To study the effects of the packet losses in the channel, the ECG anomaly detection application was trained and tested using the PDR values for the varying total number of devices illustrated in
Figure 14. The significance criteria were chosen to be 80% of the maximum and minimum values. In other words, if the parameter’s value is greater than 80% of the maximum value or less than 80% of the minimum value, that particular model parameter is considered significant. The performance of the model trained by applying the pruning technique along with QoS-based distribution and without applying QoS distribution is plotted in
Figure 15.
For comparison, the value of recall was kept fixed at 99.02%, and the mean as well as the standard deviation for precision and accuracy were determined against this recall value. This was achieved by varying the threshold for the prediction. It can be observed that, with an increasing number of devices in the network, the performance of the model degrades. However, the model trained by considering a differential priority of packets (i.e., the proposed QoS-based SF distribution scheme) provides a better performance than the legacy scheme that applies the same priority for all packets. Providing better success rates to high-priority packets that contain more significant parameters helps the model to converge faster when compared to the legacy approach.
7. Conclusions
This paper introduces artificial intelligence tools for IoT applications and a novel framework to enable on-device learning for LoRa-based devices. Machine learning principles can prove to be very beneficial for IoT applications but, due to the challenges imposed by IoT and LoRaWAN ecosystems such as data privacy, low bandwidth, etc., traditional machine learning techniques cannot be efficiently applied. However, a decentralized learning technique known as federated learning can be used while maintaining data privacy. The performance of models trained via traditional machine learning and federated learning principles was analyzed. This analysis proves that, for the representative application, federated learning can be viably employed in place of machine learning. However, federated learning requires independent bidirectional communication. The legacy LoRaWAN protocol fails to satisfy the communication requirements of federated learning; hence, FL-LoRaMAC has been proposed to fill this gap. The performance of the framework was evaluated by implementing the framework on a representative application. The results show that the framework was able to successfully support all the design requirements of federated learning, even with communication losses in the system. The proposed framework also incorporates bandwidth optimization to enable efficient resource utilization.

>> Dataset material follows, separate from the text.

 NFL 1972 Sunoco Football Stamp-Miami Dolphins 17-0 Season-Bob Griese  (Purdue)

The proposed framework considers all devices running the application taking part in the learning process. Typically, a subset of these devices possesses a substantial amount of information and holds the capacity to effectively train the learning model. To mitigate potential escalations in computational and communication expenses, a nuanced approach is necessary, wherein the training process is applied to to only a small subset of devices without regard for their information contribution. This will further reduce the communication cost.

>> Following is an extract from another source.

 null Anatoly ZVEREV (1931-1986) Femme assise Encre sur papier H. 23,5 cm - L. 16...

This also leads to an intriguing avenue for further investigation. The development of a selection mechanism can lead to identifying devices based on the richness of their information and the quality of their channel conditions. This aspect remains underexplored at present but bears substantial significance, particularly within the context of federated-learning-driven applications for smart cities. Hence, delving into this aspect could yield valuable insights and enhancements for federated learning in such contexts.